▸ Problem: With pictures left out, output exactly the lines of the listing below from the line that has "Mermaid Balloon Arch" to the line that has "Uniqkart for Kyocera", both lines kept.

▸ Task data:
╭──

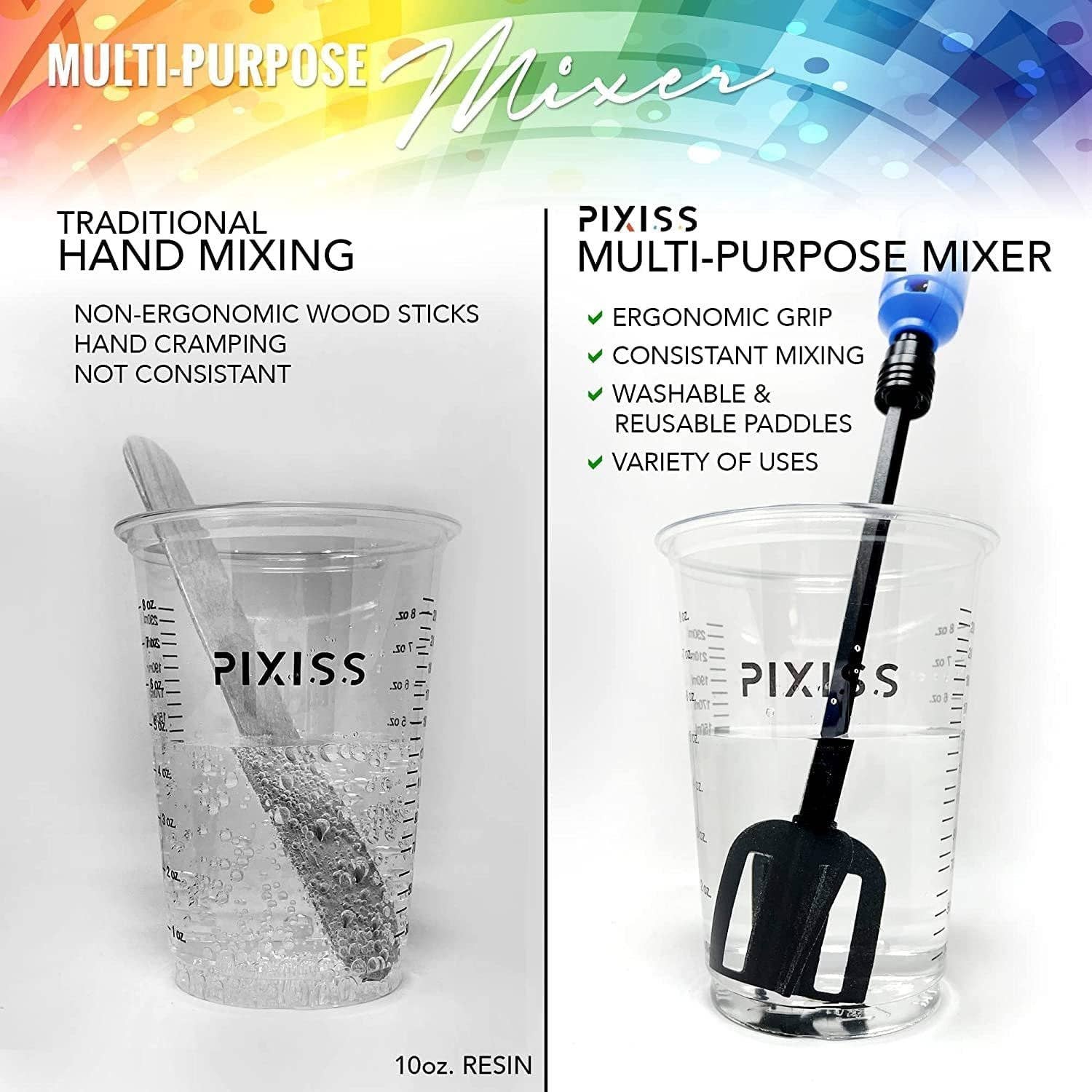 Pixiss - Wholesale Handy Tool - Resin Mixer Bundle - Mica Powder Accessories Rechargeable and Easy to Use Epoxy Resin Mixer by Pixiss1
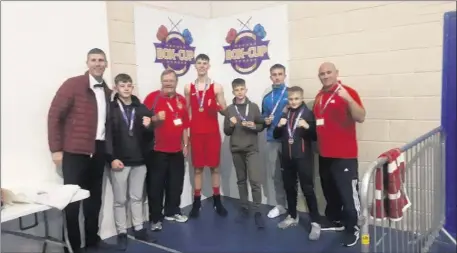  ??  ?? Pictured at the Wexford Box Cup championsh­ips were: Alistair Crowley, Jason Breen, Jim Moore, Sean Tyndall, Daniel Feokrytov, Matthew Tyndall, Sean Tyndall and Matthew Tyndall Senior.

╰──
╭──

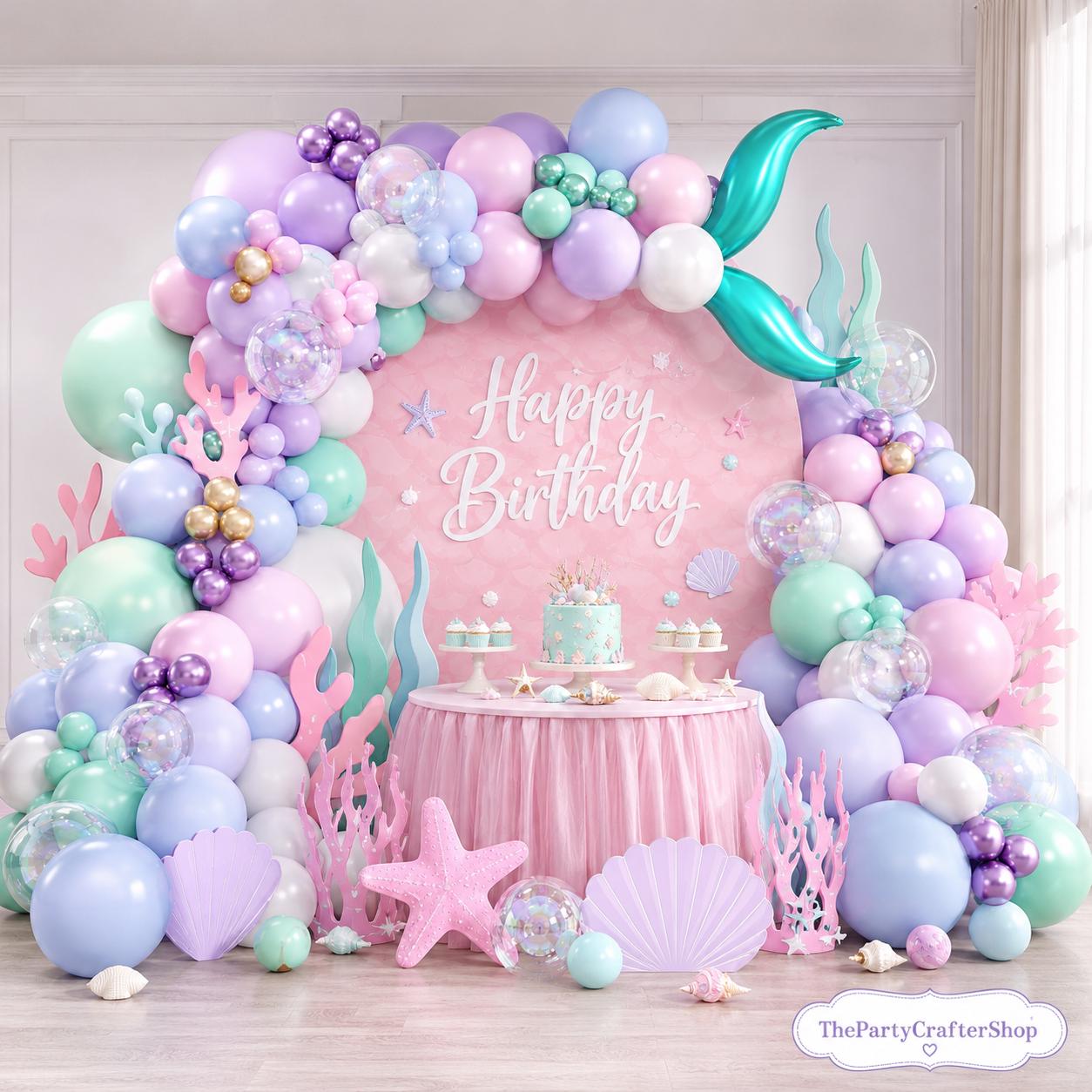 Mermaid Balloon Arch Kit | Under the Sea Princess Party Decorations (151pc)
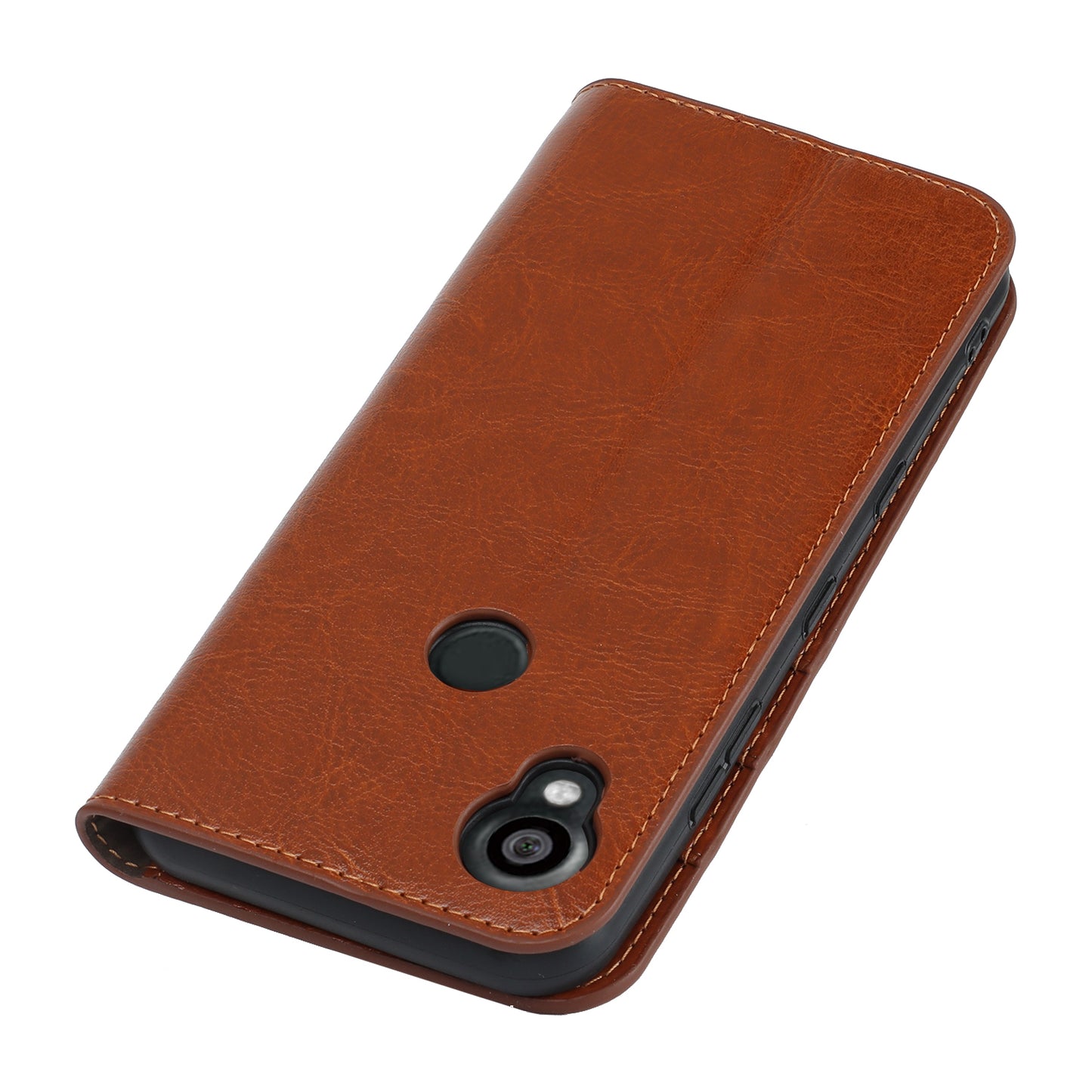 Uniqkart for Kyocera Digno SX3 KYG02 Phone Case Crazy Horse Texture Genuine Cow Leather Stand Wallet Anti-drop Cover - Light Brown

╰──

▸ Answer to this problem:
 Mermaid Balloon Arch Kit | Under the Sea Princess Party Decorations (151pc)
 Uniqkart for Kyocera Digno SX3 KYG02 Phone Case Crazy Horse Texture Genuine Cow Leather Stand Wallet Anti-drop Cover - Light Brown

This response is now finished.